Middle English swirlen, to-whirl-in-eddies. As a color modifier, swirl implies a curling-and-eddying-and-spiraling quality, the visual register of Van-Gogh-Starry-Night-and-Hokusai-Wave-swirl hand-curling-and-eddying-and-spiraling Van-Gogh-Starry-Night-and-Hokusai-Wave-and-Art-Nouveau swirled-and-curling-and-eddying-and-spiraling surfaces under Van-Gogh-Starry-Night-and-Hokusai-Wave-and-Art-Nouveau brush-stroke-and-cresting-wave-and-vine-tendril nocturne-light. Sits at the modifier-and-mood end of the grid, parallel to eddy and stir in usage.

Moss
noun

Bryophyta — the nonvascular plants that colonized land 470 million years ago, before vascular plants and far before flowers. The color refers to a thick mat of Hypnum or sphagnum on a temperate forest floor: a soft, slightly yellow-shifted green with the velvet texture of millimeter-scale leaves. Dustier than fern, deeper than lichen, with the slow patience of a plant that lives by absorbing rain through its surface.

Closest matches

The nearest named color in three reference sources, ranked by perceptual distance (ΔE76 in CIELAB). ΔE < 1 is imperceptible to most viewers; ΔE > 10 is clearly different. When two sources point to the same hex they’re merged into one tile; click any to open that color’s page.

Variations

Click any swatch to explore

Harmonies

Accessibility

Color-vision simulation

How this color appears to viewers with the four major color-vision-deficiency types. Computed via the Machado (2009) physiologically-based model. If a tile matches the original, the color reads the same to that viewer.

#74923b
Original
#998932
Protanopia
#958841
Deuteranopia
#788c7f
Tritanopia
#858585
Achromatopsia
WCAG contrast

The color used as foreground text against pure white and pure black, with the contrast ratio and WCAG 2.1 grade. Aim for AA (4.5:1) for body text and AA Large (3:1) for 18 pt+ headlines; AAA (7:1) is the gold standard for long-form reading surfaces.
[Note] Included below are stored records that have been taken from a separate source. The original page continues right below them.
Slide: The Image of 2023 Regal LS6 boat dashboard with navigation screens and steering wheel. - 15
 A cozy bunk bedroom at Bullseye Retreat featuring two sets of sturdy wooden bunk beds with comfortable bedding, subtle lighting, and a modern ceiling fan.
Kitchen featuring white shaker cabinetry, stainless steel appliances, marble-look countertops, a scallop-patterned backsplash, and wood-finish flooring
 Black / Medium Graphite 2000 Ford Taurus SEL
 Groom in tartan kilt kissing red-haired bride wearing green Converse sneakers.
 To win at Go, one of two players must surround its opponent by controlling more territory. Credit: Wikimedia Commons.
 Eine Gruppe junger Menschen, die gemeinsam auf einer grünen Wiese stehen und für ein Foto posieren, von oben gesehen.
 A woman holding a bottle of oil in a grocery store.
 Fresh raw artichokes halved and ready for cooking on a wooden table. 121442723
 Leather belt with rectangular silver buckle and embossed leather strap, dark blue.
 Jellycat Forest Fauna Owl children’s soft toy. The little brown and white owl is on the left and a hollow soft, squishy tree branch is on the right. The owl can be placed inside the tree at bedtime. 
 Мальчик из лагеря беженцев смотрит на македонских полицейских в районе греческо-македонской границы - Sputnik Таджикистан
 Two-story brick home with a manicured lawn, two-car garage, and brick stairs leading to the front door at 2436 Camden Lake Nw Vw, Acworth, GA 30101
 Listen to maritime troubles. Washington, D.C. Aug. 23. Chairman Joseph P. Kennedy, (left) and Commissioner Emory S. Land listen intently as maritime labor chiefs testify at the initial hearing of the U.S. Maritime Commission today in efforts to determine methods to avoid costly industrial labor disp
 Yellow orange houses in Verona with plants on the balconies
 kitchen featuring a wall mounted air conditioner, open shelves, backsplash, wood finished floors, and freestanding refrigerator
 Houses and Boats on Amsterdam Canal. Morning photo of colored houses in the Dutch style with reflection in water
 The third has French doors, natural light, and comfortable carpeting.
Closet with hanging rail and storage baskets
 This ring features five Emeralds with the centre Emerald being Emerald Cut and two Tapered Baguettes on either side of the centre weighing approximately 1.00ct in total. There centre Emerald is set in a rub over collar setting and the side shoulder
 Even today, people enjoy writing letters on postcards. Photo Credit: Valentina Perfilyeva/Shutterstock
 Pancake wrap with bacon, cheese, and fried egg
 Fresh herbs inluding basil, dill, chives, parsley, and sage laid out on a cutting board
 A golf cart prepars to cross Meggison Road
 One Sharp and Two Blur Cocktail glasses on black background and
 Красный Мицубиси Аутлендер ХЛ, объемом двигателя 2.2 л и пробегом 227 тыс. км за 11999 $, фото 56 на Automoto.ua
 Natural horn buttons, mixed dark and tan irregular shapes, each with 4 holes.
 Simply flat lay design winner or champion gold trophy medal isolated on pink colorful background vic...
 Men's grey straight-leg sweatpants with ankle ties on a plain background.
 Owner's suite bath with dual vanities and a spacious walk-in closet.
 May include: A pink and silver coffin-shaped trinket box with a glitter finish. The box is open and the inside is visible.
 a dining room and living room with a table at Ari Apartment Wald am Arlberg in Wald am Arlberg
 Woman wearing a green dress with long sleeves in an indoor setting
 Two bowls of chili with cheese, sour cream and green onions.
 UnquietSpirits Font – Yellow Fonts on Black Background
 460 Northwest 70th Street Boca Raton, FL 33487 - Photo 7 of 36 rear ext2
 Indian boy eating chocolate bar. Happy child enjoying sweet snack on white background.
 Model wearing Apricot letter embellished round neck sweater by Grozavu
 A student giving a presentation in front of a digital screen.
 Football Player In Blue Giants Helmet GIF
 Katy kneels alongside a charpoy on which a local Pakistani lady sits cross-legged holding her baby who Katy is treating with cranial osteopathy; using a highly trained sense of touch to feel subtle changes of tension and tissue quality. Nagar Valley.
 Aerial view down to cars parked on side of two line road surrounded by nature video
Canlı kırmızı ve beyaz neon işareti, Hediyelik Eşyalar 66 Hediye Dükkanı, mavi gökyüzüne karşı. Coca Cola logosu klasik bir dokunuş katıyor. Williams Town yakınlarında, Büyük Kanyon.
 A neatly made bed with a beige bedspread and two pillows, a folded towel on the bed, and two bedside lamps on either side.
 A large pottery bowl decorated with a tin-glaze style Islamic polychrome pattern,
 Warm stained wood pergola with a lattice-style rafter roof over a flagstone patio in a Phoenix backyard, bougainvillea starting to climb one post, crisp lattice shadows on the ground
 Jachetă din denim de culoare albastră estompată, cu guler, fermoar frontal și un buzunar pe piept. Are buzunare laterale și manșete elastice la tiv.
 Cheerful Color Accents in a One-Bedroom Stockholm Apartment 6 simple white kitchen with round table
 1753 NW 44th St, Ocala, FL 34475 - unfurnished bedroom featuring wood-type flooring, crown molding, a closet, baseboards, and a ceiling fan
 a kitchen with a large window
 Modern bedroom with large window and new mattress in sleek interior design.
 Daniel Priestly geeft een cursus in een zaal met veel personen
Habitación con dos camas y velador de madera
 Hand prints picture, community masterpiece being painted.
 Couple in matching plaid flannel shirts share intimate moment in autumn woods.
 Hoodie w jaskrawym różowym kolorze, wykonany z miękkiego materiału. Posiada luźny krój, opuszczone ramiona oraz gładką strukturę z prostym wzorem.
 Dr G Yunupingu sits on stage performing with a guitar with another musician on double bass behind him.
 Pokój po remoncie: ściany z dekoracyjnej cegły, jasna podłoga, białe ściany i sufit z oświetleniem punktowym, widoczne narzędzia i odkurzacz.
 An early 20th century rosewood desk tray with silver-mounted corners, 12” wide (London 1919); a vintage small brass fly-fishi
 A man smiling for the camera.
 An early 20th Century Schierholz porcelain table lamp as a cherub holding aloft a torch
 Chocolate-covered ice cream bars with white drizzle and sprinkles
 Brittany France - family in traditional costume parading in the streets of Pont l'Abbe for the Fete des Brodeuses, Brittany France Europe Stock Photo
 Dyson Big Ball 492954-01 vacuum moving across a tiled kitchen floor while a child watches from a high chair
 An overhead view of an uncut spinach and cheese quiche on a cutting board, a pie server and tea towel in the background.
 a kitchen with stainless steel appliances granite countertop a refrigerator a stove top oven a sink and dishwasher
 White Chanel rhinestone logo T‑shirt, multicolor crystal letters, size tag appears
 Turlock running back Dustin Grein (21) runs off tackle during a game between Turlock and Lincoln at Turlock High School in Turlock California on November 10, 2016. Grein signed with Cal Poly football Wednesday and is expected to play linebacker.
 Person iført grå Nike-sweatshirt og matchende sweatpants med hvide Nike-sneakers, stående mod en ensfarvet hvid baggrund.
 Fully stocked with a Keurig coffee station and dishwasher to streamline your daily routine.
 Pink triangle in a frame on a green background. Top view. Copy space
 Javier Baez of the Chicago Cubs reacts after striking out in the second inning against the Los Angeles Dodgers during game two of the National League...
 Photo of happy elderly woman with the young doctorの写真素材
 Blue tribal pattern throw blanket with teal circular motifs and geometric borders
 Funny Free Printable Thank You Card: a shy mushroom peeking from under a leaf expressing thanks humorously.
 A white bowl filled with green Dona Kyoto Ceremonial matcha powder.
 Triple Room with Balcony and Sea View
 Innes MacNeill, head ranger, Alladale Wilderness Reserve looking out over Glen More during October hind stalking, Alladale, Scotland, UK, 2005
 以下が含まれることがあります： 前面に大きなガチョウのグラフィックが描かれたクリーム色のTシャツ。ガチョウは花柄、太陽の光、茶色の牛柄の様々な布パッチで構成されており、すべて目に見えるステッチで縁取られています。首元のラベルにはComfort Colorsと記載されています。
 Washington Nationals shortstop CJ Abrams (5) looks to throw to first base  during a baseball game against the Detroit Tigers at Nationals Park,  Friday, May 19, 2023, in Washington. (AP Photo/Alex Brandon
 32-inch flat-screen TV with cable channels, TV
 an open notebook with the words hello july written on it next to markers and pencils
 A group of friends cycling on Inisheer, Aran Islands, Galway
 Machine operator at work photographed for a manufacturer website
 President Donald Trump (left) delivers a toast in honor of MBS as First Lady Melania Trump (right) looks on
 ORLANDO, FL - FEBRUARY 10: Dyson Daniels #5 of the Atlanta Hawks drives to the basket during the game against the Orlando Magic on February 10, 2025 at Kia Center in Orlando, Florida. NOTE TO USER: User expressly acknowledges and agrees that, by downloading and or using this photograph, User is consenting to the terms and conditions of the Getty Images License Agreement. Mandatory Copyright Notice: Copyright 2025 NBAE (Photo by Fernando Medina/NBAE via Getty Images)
The quick brown foxSample body text at normal size. The wcag minimum for body contrast is 4.5:1 (AA) or 7:1 (AAA).
AA Largeon White
3.55:1
The quick brown foxSample body text at normal size. The wcag minimum for body contrast is 4.5:1 (AA) or 7:1 (AAA).
AAon Black
5.92:1

Wide gamut

Display P3 representation

The CSS Color 4 wide-gamut form of this color. Both swatches render the same color on every display — the P3 form only diverges from sRGB when a designer pushes channels outside sRGB's reach.

sRGB hex
sRGB hex
##74923B
Display P3
Display P3
color(display-p3 0.4785 0.5691 0.2798)
P3 has subtle headroomOKLCH chroma 0.120

Moderately saturated colors gain a small bump in P3 — the difference is usually visible side-by-side on wide-gamut hardware but won't change the character of the color.